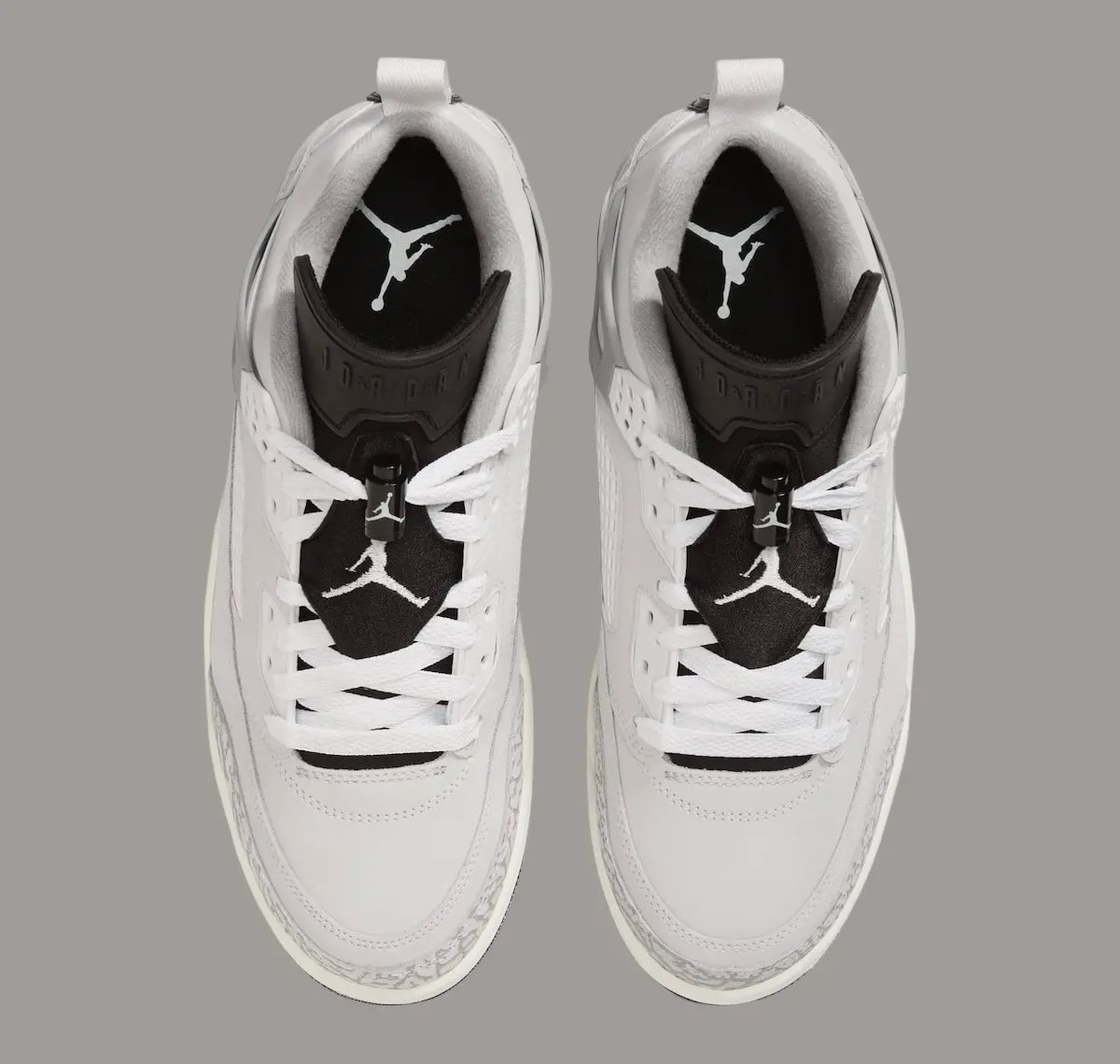 Giày Nike Air Jordan Spizike Low 'Photon Dust' HQ1191-011 — ảnh 4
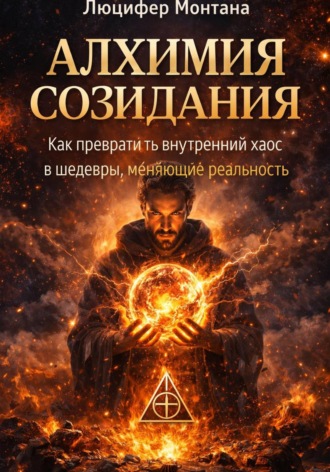 Люцифер Монтана. Алхимия созидания: Как превратить внутренний хаос в шедевры, меняющие реальность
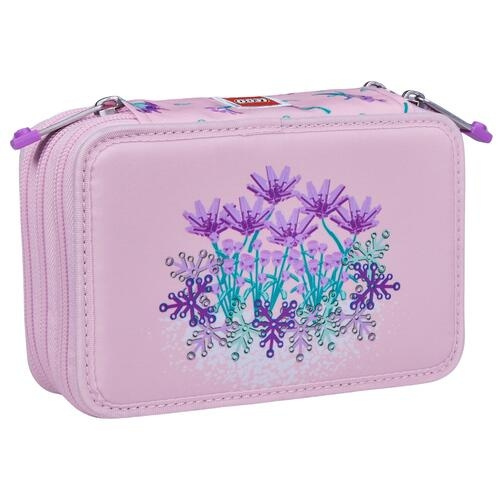 LEGO School LEGO - 3-laags etui - Bloemen (20291-2506) in de groep SPEELGOED, KINDER- & BABYPRODUCTEN / Speelgoed / Etui bij TP E-commerce Nordic AB (D12782)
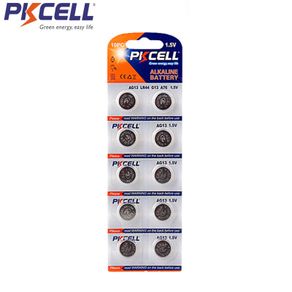 10X 1.5V Button Batteries Cell Coin Battery LR66 LR626 LR54 SR54 SR1130W L1130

+===+

TASK: The reply should contain every line of the material exactly, and no images.

WRITTEN RESPONSE:
 Giày Nike Air Jordan Spizike Low 'Photon Dust' HQ1191-011 — ảnh 4
 Люцифер Монтана. Алхимия созидания: Как превратить внутренний хаос в шедевры, меняющие реальность
 LEGO School LEGO - 3-laags etui - Bloemen (20291-2506) in de groep SPEELGOED, KINDER- & BABYPRODUCTEN / Speelgoed / Etui bij TP E-commerce Nordic AB (D12782)
 10X 1.5V Button Batteries Cell Coin Battery LR66 LR626 LR54 SR54 SR1130W L1130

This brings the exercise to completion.